- [Task details]:
Print the data that follows exactly.

[Opening The records section]

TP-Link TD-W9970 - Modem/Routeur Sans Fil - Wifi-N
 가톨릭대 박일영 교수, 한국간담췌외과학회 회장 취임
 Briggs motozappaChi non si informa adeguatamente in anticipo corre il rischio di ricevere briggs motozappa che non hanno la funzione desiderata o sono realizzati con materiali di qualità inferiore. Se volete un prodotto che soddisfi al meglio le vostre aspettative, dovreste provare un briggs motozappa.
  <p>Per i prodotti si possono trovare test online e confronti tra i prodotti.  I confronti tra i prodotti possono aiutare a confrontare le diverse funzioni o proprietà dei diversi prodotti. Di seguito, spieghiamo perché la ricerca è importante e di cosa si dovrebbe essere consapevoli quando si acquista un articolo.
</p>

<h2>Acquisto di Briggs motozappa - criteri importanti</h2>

[Closing The records section]

- [Result of the task]:
TP-Link TD-W9970 - Modem/Routeur Sans Fil - Wifi-N
 가톨릭대 박일영 교수, 한국간담췌외과학회 회장 취임
 Briggs motozappaChi non si informa adeguatamente in anticipo corre il rischio di ricevere briggs motozappa che non hanno la funzione desiderata o sono realizzati con materiali di qualità inferiore. Se volete un prodotto che soddisfi al meglio le vostre aspettative, dovreste provare un briggs motozappa.
  <p>Per i prodotti si possono trovare test online e confronti tra i prodotti.  I confronti tra i prodotti possono aiutare a confrontare le diverse funzioni o proprietà dei diversi prodotti. Di seguito, spieghiamo perché la ricerca è importante e di cosa si dovrebbe essere consapevoli quando si acquista un articolo.
</p>

<h2>Acquisto di Briggs motozappa - criteri importanti</h2>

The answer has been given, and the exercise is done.